El conductor es un tipo grueso y callado que sólo después del desayuno desatará su lengua. Se bebe media botella de vodka, un cuarto de litro, mientras nosotros visitamos unas ruinas. Al volver hacia el microbús le encontramos sentado a la mesa hincándole el diente a unas hogazas de pan, quesos y salchichones. Se sirve vasitos de vodka y nos invita a desayunarnos con él. La conversación la llevan mis compañeros de tour: es una pareja de americanos establecidos en Los Angeles de origen armenio. Les acompaña una prima, armenia de origen iraní y también residente en los EEUU desde la revolución khomeiní de 1979.

Cuando seguimos ruta hacia otro monasterio, las dos mujeres se ponen a cantar. El marido se inclina hacia mí y me dice que se trata de viejas canciones de la familia. Son nietos de la diáspora, miembros de la gran comunidad armenia que huyó, sobrevivió y se adaptó a vivir en otras tierras de acogida, de manera que hoy son tantos los armenios del exterior como los que están censados en la actual república de Armenia. Las suyas son canciones tristes y nostálgicas que lloran la pérdida en cada rima. La guía escucha atentamente y marca el ritmo con palmas tímidas. Me traduce al paso el sentido general de las canciones. Es una joven de ojos almendrados, de pelo oscuro, lacio, figura esbelta y dientes pequeños, cuyos labios parecen tallados de un solo golpe de hachuela. En ella veo a las mujeres del pueblo armenio que huyeron de las masacres de 1915.

De visita en visita, recorremos pistas, carreteras secundarias, baqueteados de un lado al otro, cruzando aldeas, adelantando a camiones renqueantes que aún lucen marcas de la CCCP con su hoz y su martillo, tractores de vetustez inverosímil y coches de domingueros que han salido a hacer barbacoas en el campo. Los tres yanquis se extasían y cualquier cosa que ven merece un Wau, wonderful, beautiful, really wonderful. Y yo miro y no veo más que un corral hediondo, sucio, destechado por los inviernos del Cáucaso, vacío excepto por un gato gandul y una gallina que picotea a la sombra del pajar. Calles sin pavimentar, barrizales y arroyos haciendo de albañales. Niños sarnosos sentados en las calles, subidos a los árboles, o pastoreando vacas y ovejas. En las plazoletas hay fuentes con su bomba de mano que diríase han estado en uso hasta hace poco. Really nice, apostillan los exiliados. Y todo el bus entona canciones de nostalgia, cantos al lago Sevan, a Yereván, besos robados a las mujeres armenias, cantos a la distancia…
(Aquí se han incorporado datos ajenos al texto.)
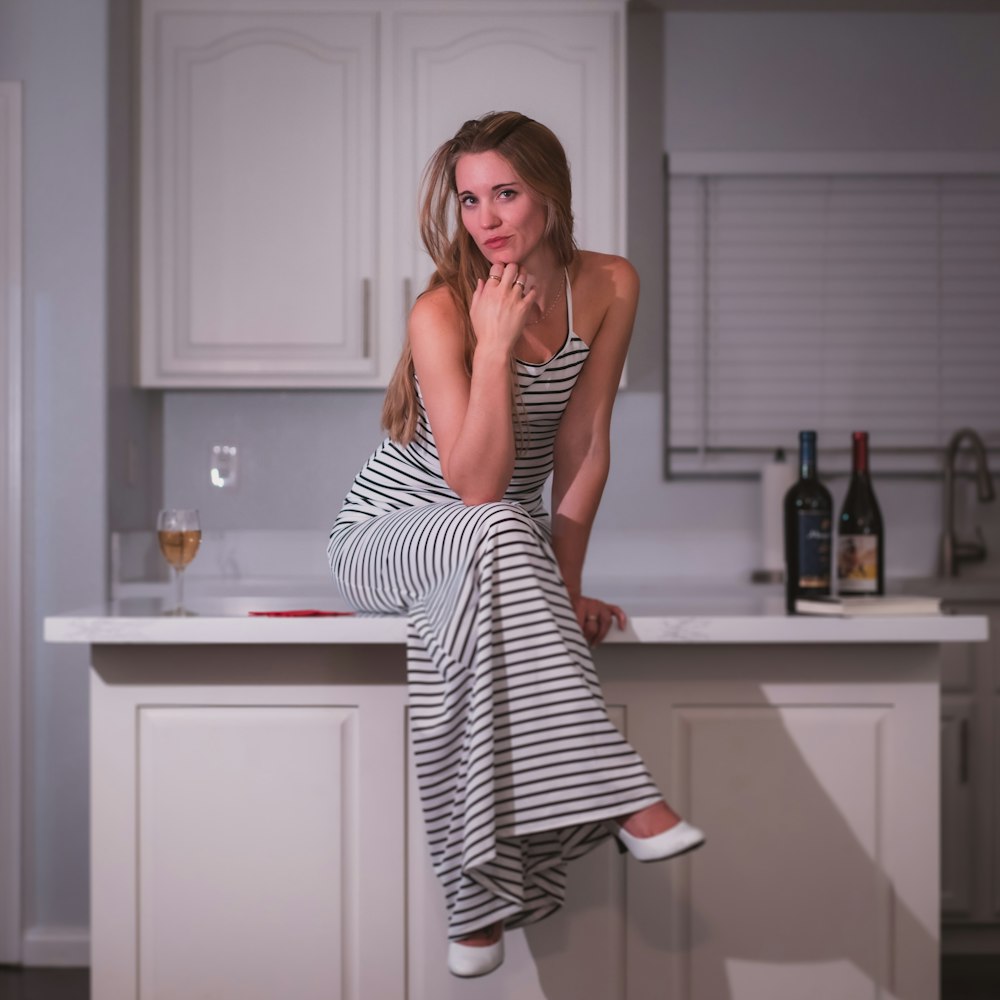 woman in black and white stripe dress standing beside white wooden table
“Esta canción me la enseñó mi abuelo” nos dice antes de empezar. Y con voz lúgubre canta. Demudada, la guía escucha. Con la mirada le pido que traduzca, pero con un gesto de su mano me hace callar. El marido, con su voz de bajo, acompaña el ritmo. Es una canción que del hontanar de muchas penas surge y nos embarga.

Todos acaban llorando. Incluso el conductor veo que se pasa el dorso de la mano por las mejillas. Yo miro por la ventana. El árido paisaje de las mesetas, de los barrancos y colinas peladas al norte de la ciudad recuerda el de los desiertos del Norte de México. Y pienso que, en cierta medida, también estamos en Comala: un paisaje inhóspito habitado por la memoria de un millón y medio de muertos que, desde las canciones, saludan a sus nietos.